When we issue commit through curl command, not all the shards are getting `start commit` requests at the same time.
Solr Setup Detail : (Running in solrCloud mode)
It has 6 shards, and each shard has only one replica (which is also a
leader) and the replica type is NRT.
Each shards are hosted on the separate physical host.
Zookeeper => We are using external zookeeper ensemble (3 separate node
Shard and Host name
Request rate on the system is currently zero and only hourly indexing
running on it.
We are using curl command to issue commit.
(Using solr_254 host to issue commit)
On using the above command all the shards have started processing commit (i.e
getting `start commit` request) except the one used in curl command (i.e
shard2_0 which is hosted on solr_254). Individually each shards takes around
10 to 12 min to process hard commit (most of this time is spent on reloading
As per logs, shard2_0 is getting `start commit` request after 10 minutes
(approx). This leads to following timeout error.
2020-12-06 18:47:47.013 ERROR org.apache.solr.client.solrj.SolrServerException: Timeout occured while waiting response from server at: http://solr_132:9744/solr/my_collection_shard2_1_replica_n21/update?update.distrib=TOLEADER&distrib.from=http%3A%2F%2Fsolr_254%3A9744%2Fsolr%2Fmy_collection_shard2_0_replica_n11%2F at org.apache.solr.client.solrj.impl.Http2SolrClient.request(Http2SolrClient.java:407) at org.apache.solr.client.solrj.impl.Http2SolrClient.request(Http2SolrClient.java:753) at org.apache.solr.client.solrj.impl.ConcurrentUpdateHttp2SolrClient.request(ConcurrentUpdateHttp2SolrClient.java:369) at org.apache.solr.client.solrj.SolrClient.request(SolrClient.java:1290) at org.apache.solr.update.SolrCmdDistributor.doRequest(SolrCmdDistributor.java:344) at org.apache.solr.update.SolrCmdDistributor.lambda$submit$0(SolrCmdDistributor.java:333) at java.util.concurrent.FutureTask.run(FutureTask.java:266) at java.util.concurrent.Executors$RunnableAdapter.call(Executors.java:511) at java.util.concurrent.FutureTask.run(FutureTask.java:266) at com.codahale.metrics.InstrumentedExecutorService$InstrumentedRunnable.run(InstrumentedExecutorService.java:180) at org.apache.solr.common.util.ExecutorUtil$MDCAwareThreadPoolExecutor.lambda$execute$0(ExecutorUtil.java:210) at java.util.concurrent.ThreadPoolExecutor.runWorker(ThreadPoolExecutor.java:1149) at java.util.concurrent.ThreadPoolExecutor$Worker.run(ThreadPoolExecutor.java:624) at java.lang.Thread.run(Thread.java:748) Caused by: java.util.concurrent.TimeoutException at org.eclipse.jetty.client.util.InputStreamResponseListener.get(InputStreamResponseListener.java:216) at org.apache.solr.client.solrj.impl.Http2SolrClient.request(Http2SolrClient.java:398) ... 13 more
Above timeout error is between solr_254 and solr_132. Similar errors are
there between solr_254 and other 4 shards
Since query load is zero, mostly CPU utilization is around 3%.
After issuing curl commit command, CPU goes up to 14% on all shards except
shard2_0 (host: solr_254, the one used in curl command).
And after 10 minutes (i.e after getting the `start commit` request) CPU on
shard2_0 also goes up to 14%.
As I mentioned earlier each shards take around 10-12 mins to process commit
and due to delay in starting commit process on one shard (shard2_0) our
overall commit time is doubled now. (22-24 minutes approx).
We are observing this delay in both hard and soft commit.
In our solr-5.4.0(having similar setup), we use the similar curl command to issue commit, and there all the shards are getting `start commit` request at same time.
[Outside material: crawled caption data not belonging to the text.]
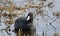 American Coot water bird, Walton County, Georgia, USA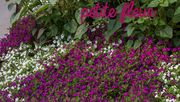 Unzählig vielen kleinen Blüten verdankt „Petite fleur“ ihren Namen. Die kleinen Trompeten überziehen die Gewinnerin aus Sachsen wie ein farbenfroher Teppich. Bild: GMH/Syngenta.
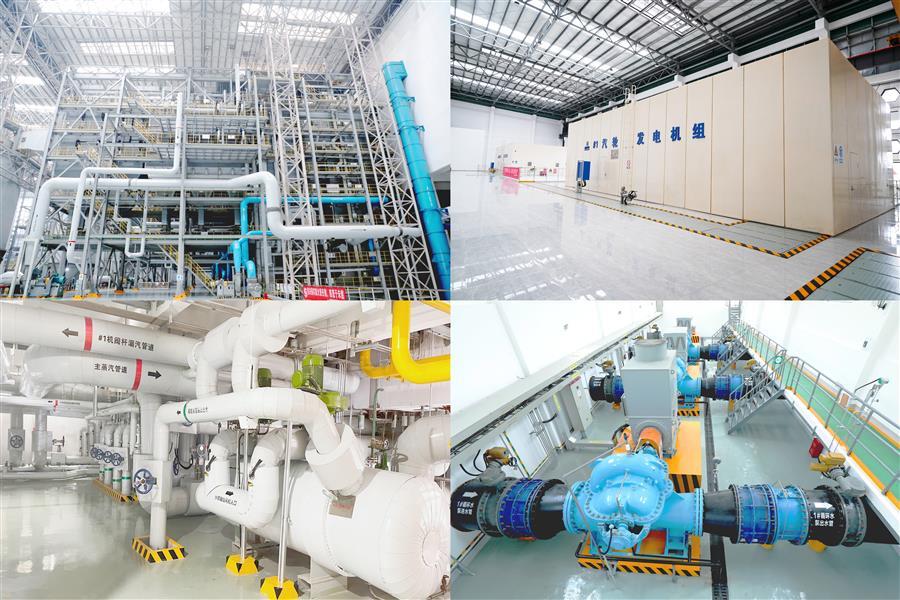 AG Club | The Originator of Live Casino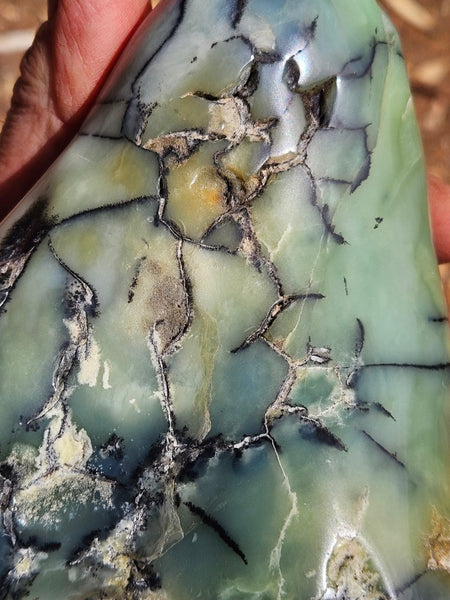 Contour Polished Chrysoprase CHC105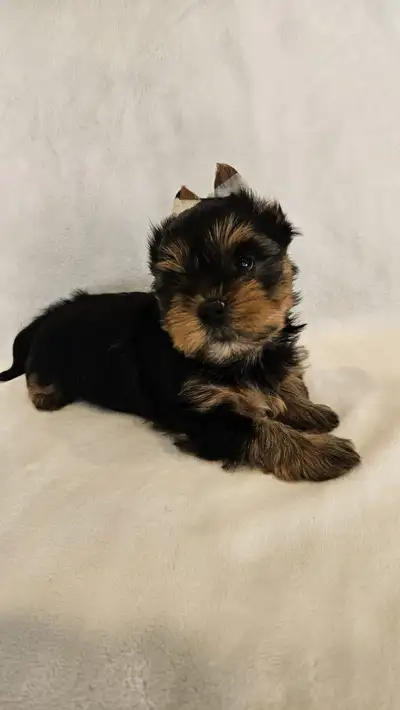 Last 2 yorkshire terrier puppies available, View more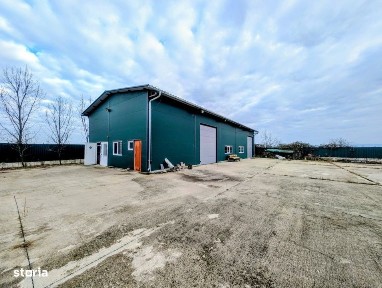 Hala de inchiriat - Hodis, comuna Holod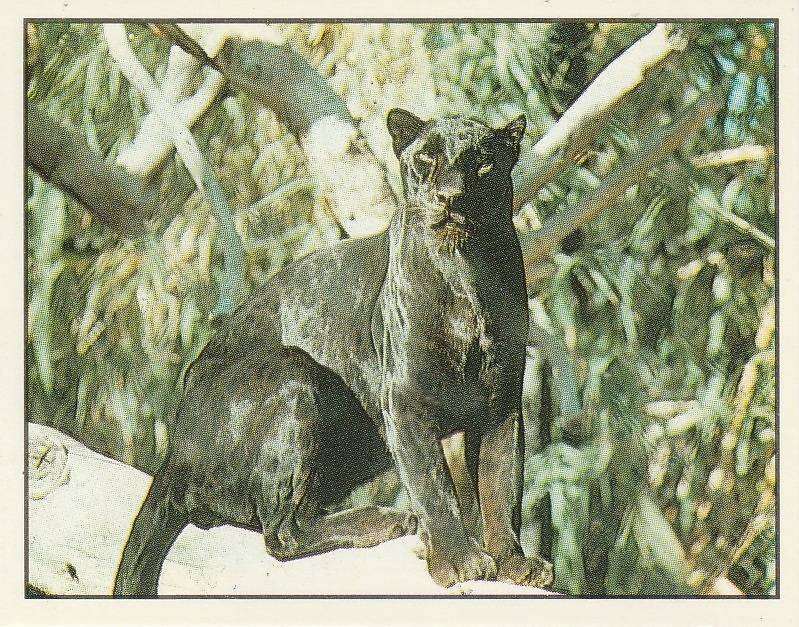 PANINI ANIMALS OF THE WORLD STICKER #117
Including the one used in curl command.
Impact After deleting external files:
In order to nullify the impact of external files, I had deleted external
files from all the shards and issued commit through the curl command. Commit
operation got completed in 3 seconds. Individual shards took 1.5 seconds to
complete the commit operation. But there was a delay of around 1.5 seconds
on the shard whose hostname was used to issue the commit. Hence overall
commit time is 3 seconds.
During this operation, there was no timeout or any other kind of error
(except `external file not found` error which is expected).